The House of Shattered Wings
The House of Shattered Wings by Aliette de Bodard
My rating: 4 of 5 stars

Book #20 for 2017
#AWSFF Reading Challenge:
– Locus Award Nominee for Best Fantasy Novel
– British Science Fiction Association Award for Best Novel
Personal Challenge Tasks:
– A book about a haunted building
– An award-winning book
The Legendary Book Club of Habitica’s Ultimate Reading Challenge Task: A book based on mythology
PopSugar Challenge Prompts (maximum 3):
– A book by a person of color
– A book based on mythology
– A book about an immigrant or refugee
Better World Books Prompts:
– A book set in a place you want to visit (Paris)
– A fantasy novel
– A book by a person of color
– A book by a female writer
Book Riot’s Read Harder Challenge Prompts:
– A book by an immigrant or with a central immigration narrative
– A fantasy novel
GenreLand – April: Thriller & Suspense
Possible Book Bingo Squares:
– A Book with an Award
– A Book with an LGBTQA Character
– A Book by an Author of Color
Follow the Clues: Trail 1, Clue 5

I liked this book quite a lot, yet at the same time, I don’t feel like I got to know it very well. There was all this lush and darkly beautiful world-building, but I got mere glimpses of it out of the corner of my eye as I followed along. To some extent, this is explained by the fact that most of the characters were also feeling their way in the darkness, trying to figure out just how they came to be where they were, but I did not feel a shared journey with any of them. I was constantly held at arm’s length.

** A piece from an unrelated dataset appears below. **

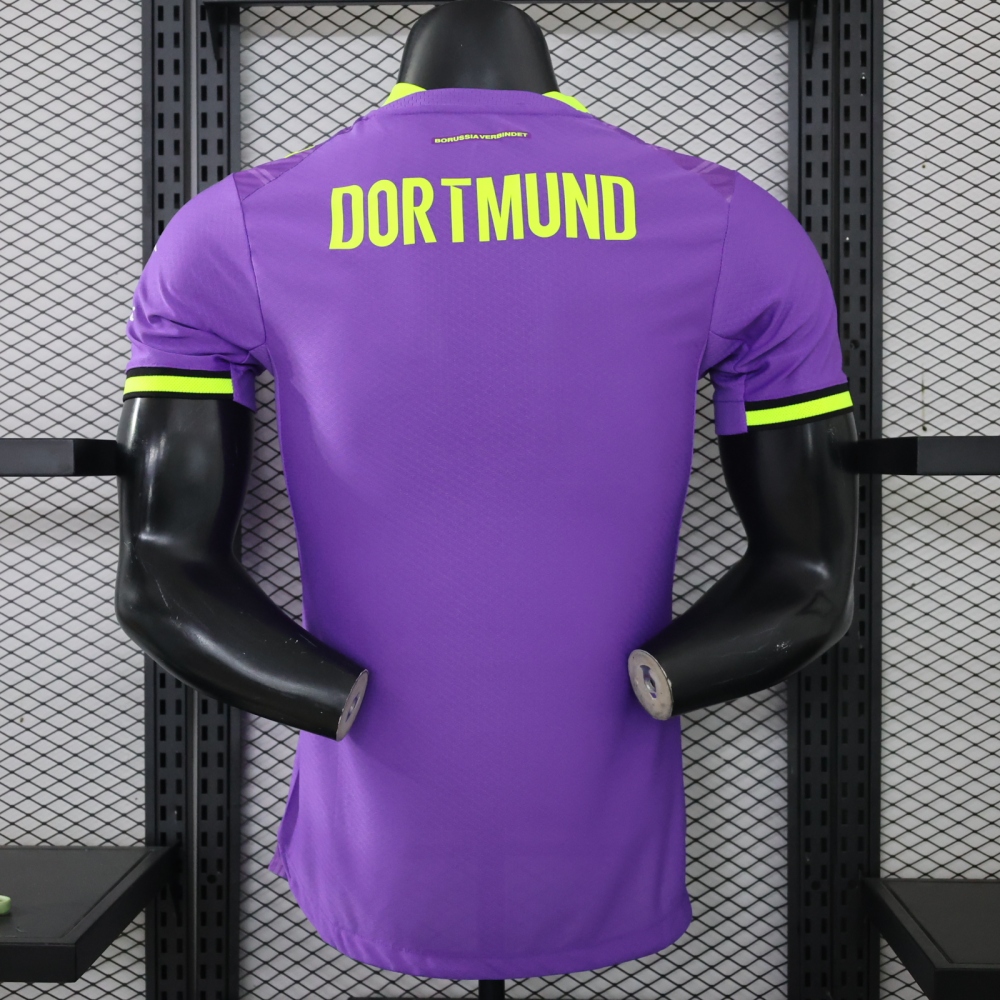 26--27  Dortmund two away Player version（26-27多特蒙德二客球员版）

Perhaps this is also because the tone of the book was very purposefully Parisian. It is elegant and chilly, with just enough whimsy to keep you from losing interest. De Bodard did a great job with the atmosphere, and most of the time her language was perfectly suited to the setting.

I am a sucker for mythological mashups, so this was right up my alley. I do wish the author had given us a bit more on Philippe’s background, though. I was also disappointed in the murder-mystery aspect of the story. It was there, and it was resolved, but it didn’t feel at all central to the story. Perhaps that is more of a marketing issue, though. There was enough here that I’m interested in reading the next book in the series, but I also can’t help but wonder if maybe I’d be happier with this author’s Obsidian and Blood series.